En fait, à quelques retouches près, il constitue aujourd’hui, et peut-être davantage encore qu’hier, une représentation tout à fait plausible de l’homme du futur.
Cependant, aujourd’hui comme hier, le futurologue rejette cette image. Dans l’imaginaire de la prévision, le futur ne peut pas être apathique, il ne peut être que stimulant ou catastrophique.
Cet homme, qui n’est pas celui qui “demain sera capable de…”… n’est pas non plus celui qui est appelé à se voir doté de capacités extra-humaines. Cet homme n’a pas vocation à être “augmenté”. Notre homme est concret, alors que celui qui «demain sera capable de… » … est une abstraction: cet humain-là, c’est celui-ci.
Il est représenté comme peut l’être une idée, c’est à dire sous une configuration non réaliste. Quelles sont ses occupations? Que fait-il? En fait… rien. Il représente le futur et cela l’occupe à plein temps.
Toute la question se résume à savoir si l’évolution technologique va principalement concerner l’humain lui-même ou son environnement.
Dans le premier cas, l’équation du futurologue s’énonce assez simplement: homme + technologies = “SUR-humain”. Dans le second cas, la technologie a, au contraire, toutes les chances de générer un “SOUS-humain”, que peu de chose empêcherait de régresser vers un comportement très courant dans le monde animal, surtout quand le souci de s’alimenter n’existe plus.

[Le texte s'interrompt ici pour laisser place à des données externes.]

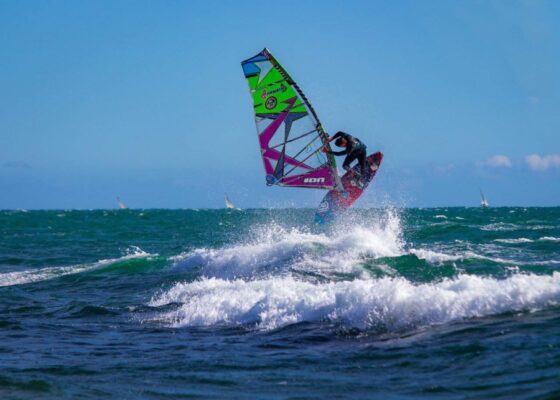 Tips for Choosing Your First Windsurf Board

En ces temps où l’on nous vend avec insistance, l’idée d’une amélioration de l’humain, le scénario inverse, déjà entrevu sous des angles différents, dans deux billets antérieurs («L’intellect humain est-il voué à l’affaiblissement?» – «une société dont l’addiction serait l’unique moteur»…), apparait décidément comme de plus en plus vraisemblable: être actif pourrait devenir de plus en plus difficile.
La pensée positive consisterait à l’accepter comme scénario de référence et à identifier les forces susceptibles de le contrarier. Mais pour cela il faudrait admettre que les pouvoirs qui nous gouvernent soient plus intéressés à inverser ce scénario qu’à le renforcer, ce qui semble … très improbable.